Custom Reward Functions

SustainDC provides an interface where the end-user can choose to train agents independently of each other’s reward feedback, or consider a collaborative reward approach.

Independent reward functions

Agent

Default Reward

agent_ls

\[r_{ls}~ =~ -(Penalty \cdot UL)-(CI \cdot Total EC) \]

agent_dc

\[r_{dc} ~=~ -( Total EC) \]

agent_bat

\[r_{bat}~ =~ -(CI \cdot Total EC) \]

Total EC refers to the total building energy consumption (HVAC+IT), CI is the carbon intensity in the power grid indicating the inverse of the availability of green energy, and UL refers to the amount of unassigned flexible computational workload. A penalty is attributed to the load shifting agent if it fails to schedule all the required load within the time horizon N.

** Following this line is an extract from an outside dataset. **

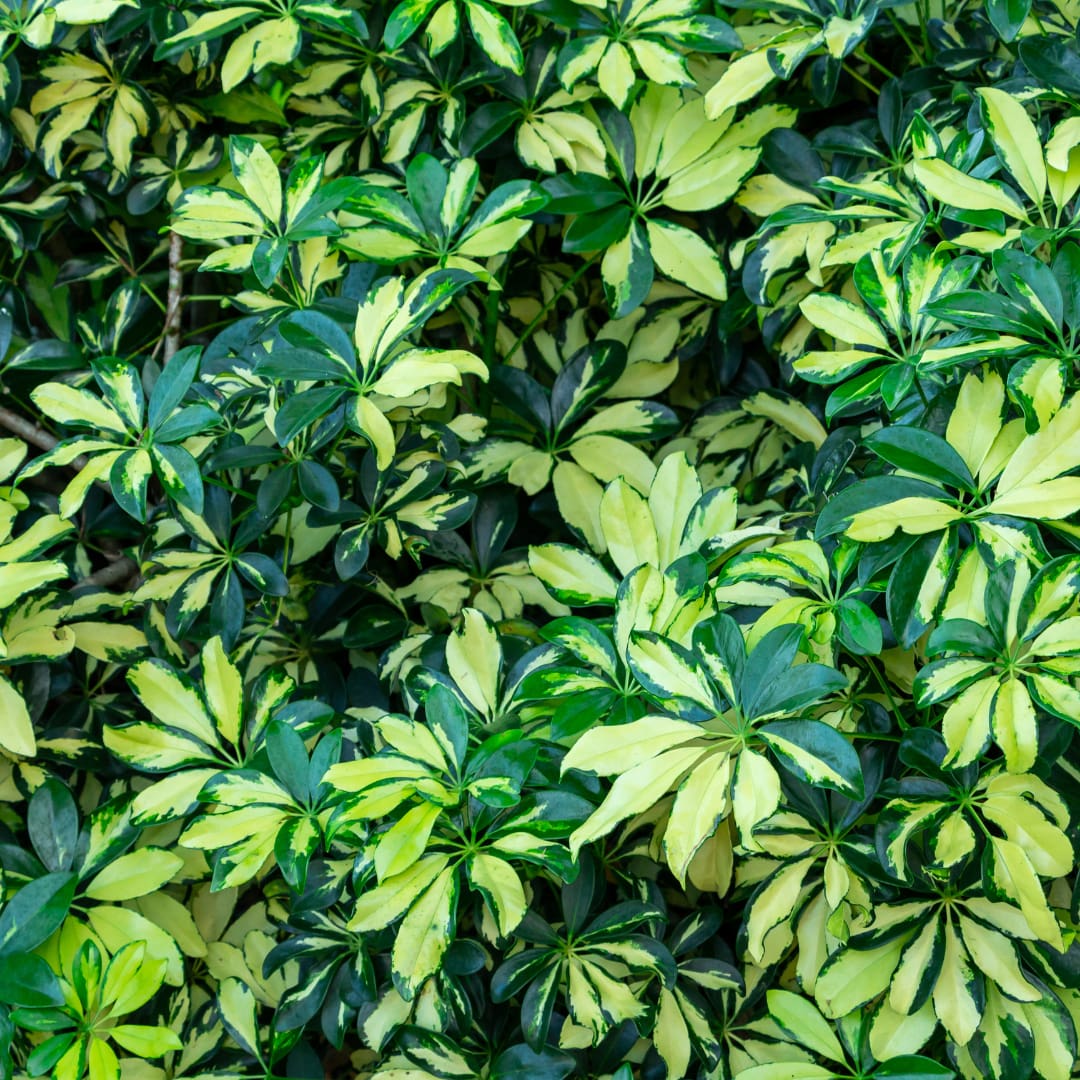 Dwarf Variegated Schefflera, yellow and green shrub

Collaborative reward functions

The reward-sharing mechanism allows the agents to estimate the feedback from their actions in other environments. Users have an option to choose the level of colaboration between the agents. This can be done by specifying the \(\eta\) value in the script.

Agent

Reward

agent_ls

\[\eta \cdot r_{ls} + (1-\eta) /2 \cdot r_{dc} + (1-\eta)/2 \cdot r_{bat}\]

agent_dc

\[(1-\eta) /2 \cdot r_{ls} + \eta \cdot r_{dc} + (1-\eta)/2 \cdot r_{bat}\]

agent_bat

\[(1-\eta) /2 \cdot r_{ls} + (1-\eta)/2 \cdot r_{dc} + \eta \cdot r_{bat}\]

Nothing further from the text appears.